Johnson County Expects More Flooding, Road Closures

By Hayley Bruce, Reporter

City Park in Iowa City on Friday morning, May 31, 2013. (COURTESY BECKY VARDAMAN)


By Aaron Hepker

IOWA CITY, Iowa — As outflows increase at the Coralville Reservoir and water levels continue to rise on the Cedar and Iowa rivers, officials with the Johnson County Emergency Management Agency said Friday morning they were preparing for more flooding and road closures throughout the weekend.

Terrence Neuzil, public information officer for Johnson County Emergency Management, said the Iowa River basin, luckily, didn't get as much rain as expected, topping off at somewhere between 1/4 and 3/4 of an inch with heavy runoff. Neuzil said after today, officials aren't expecting any more rain until Tuesday or Wednesday and the Army Corps of Engineers is projecting that the reservoir will peak at 712.1 feet above sea level on June 8th, with the possibility of going over the spillway on June 4.

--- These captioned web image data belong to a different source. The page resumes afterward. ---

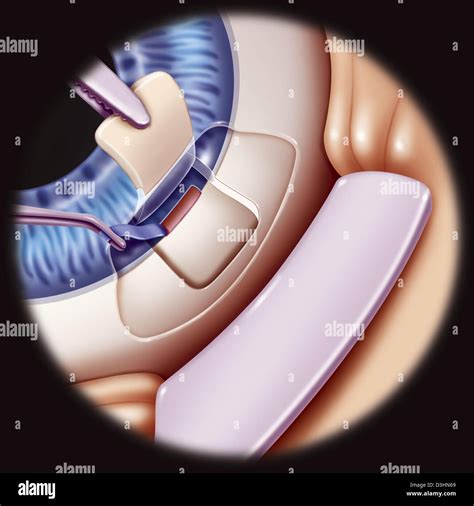 GLAUCOMA SURGERY, DRAWING Stock Photo - Alamy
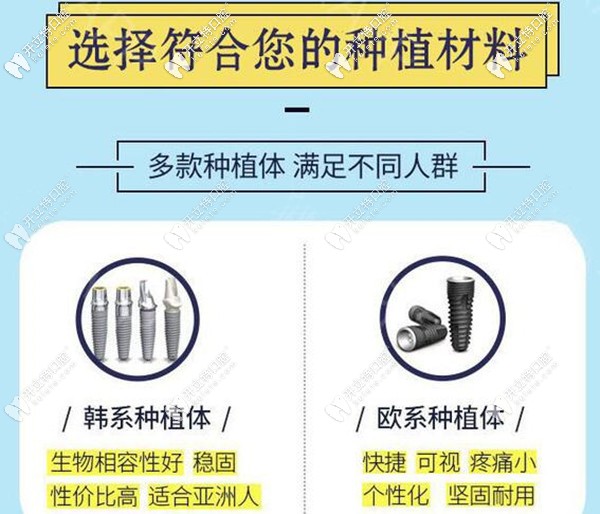 ?？诙c(diǎn)口腔韓系和歐系種植體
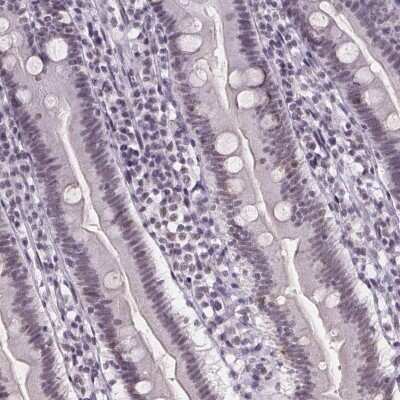 Immunohistochemistry-Paraffin: ZNF572 Antibody [NBP2-39077] - Staining of human duodenum shows low expression as expected.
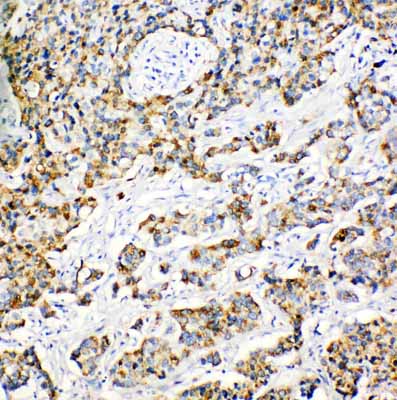2 - Anti-Peroxiredoxin 3 Antibody ABO11144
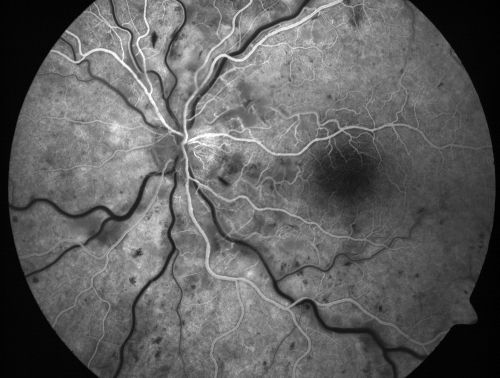 Non-Ischemic Central Retinal Vein Occlusion in Young Man (30 years) - Many Cotton Wool Spots
30-year-old man with a history of a central retinal vein occlusion for which he was first examined on 2 months ago and his vision then was 4/200.  He responded nicely to two Avastin treatments. OD is 20/20, OS is 20/60
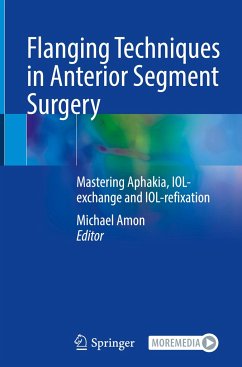 Flanging Techniques in Anterior Segment Surgery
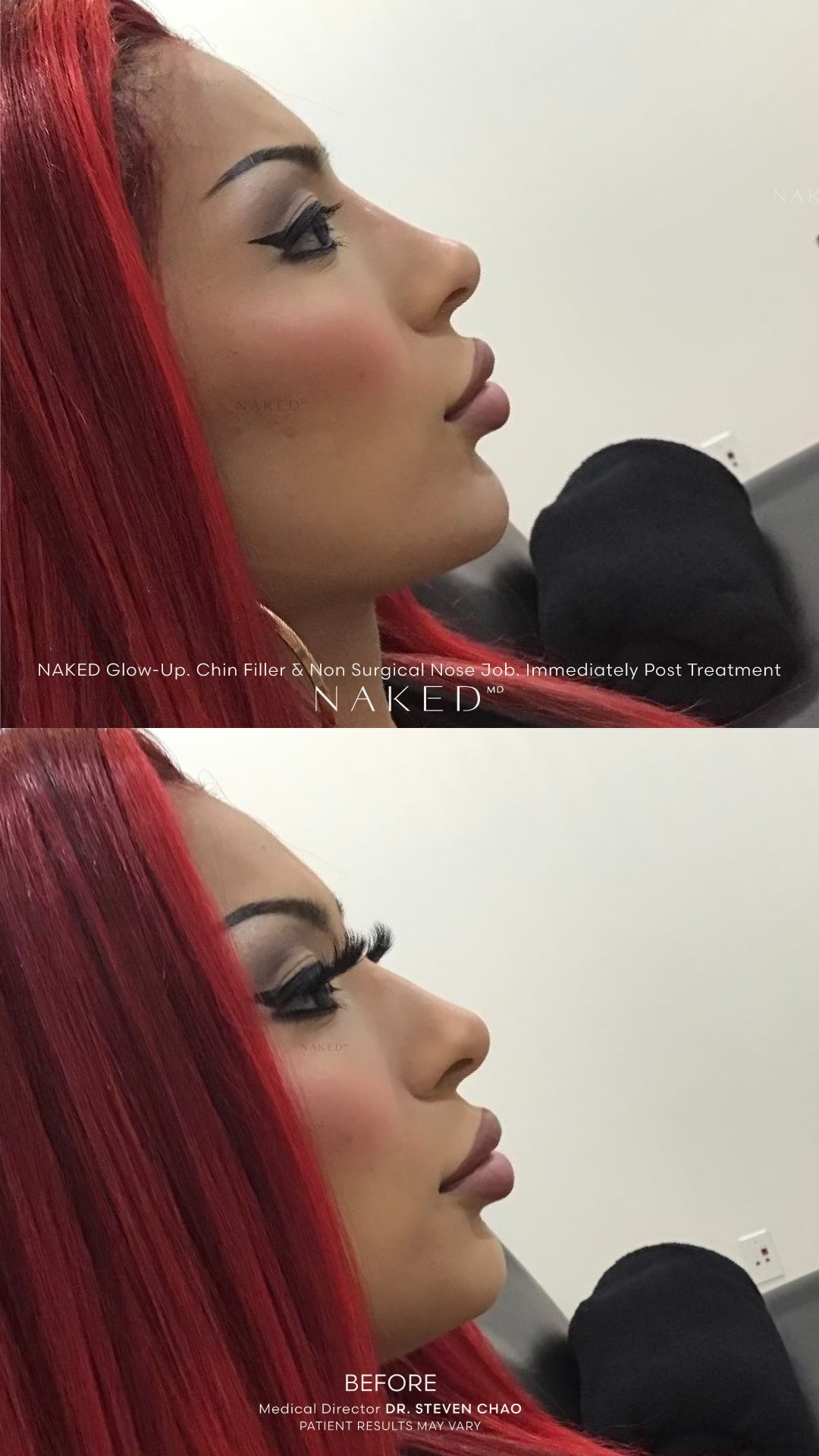 Naked Combo Lips | Chin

The Corps had also increased outflows at the reservoir to 15,000 cubic feet per second at the time of the press conference, and expected to increase outflow to 17,000 cfs by 1 p.m. Those outflows have led to mandatory evacuations at River Front Estates north of Iowa City and the Izaak Walton League area in rural Johnson County as well as road closures on Dubuque Street and the 800 block of Normandy Drive in Iowa City.

County Supervisor Janelle Rettig said people are encouraged to take their animals with them, as the ability to get back in will be limited, and law enforcement officials are not ticketing people at this time. Neuzil said between 20 and 30 buildings are expected to be damaged by flood water.

The county has also closed six rural roads including 140th Street east of Ely Road, Sandy Beach Road at the beach, River Junction Road south of Otter Creek Road, Y Avenue off the Tri County Bridge Road, Swan Lake between Greencastle and Halfmoon, and Amana Road between Blaine Cemetary and Greencastle.

Neuzil said the agency is also beginning to monitor water levels along the Highway 6 bridge, Butler Bridge, and the Interstate 380 bridge, though I-380 doesn't typically become a concern until the elevation at the reservoir reaches 716.6 feet above sea level. The county is also monitoring conditions at Sutliff Road as the Cedar River continues to rise.

Iowa City and Coralville are also now accepting volunteers to fill sandbags. That effort is being coordinated through the United Way emergency volunteer center, located at Montgomery Hall at the Johnson County fairgrounds. Neuzil said there is an order for 300,000 sandbags coming in from New Jersey that will be used throughout the county.

The University of Iowa's primary concerns as of Friday morning included Mayflower Hall, Art Building West, the Iowa Advance Technology Lab and the Liberty Square area in Coralville where the Mother's Milk Bank is located. The UI has not yet sought volunteers for sandbagging efforts, and has been putting up HESCO barriers along the Iowa River as well as near Mayflower Hall.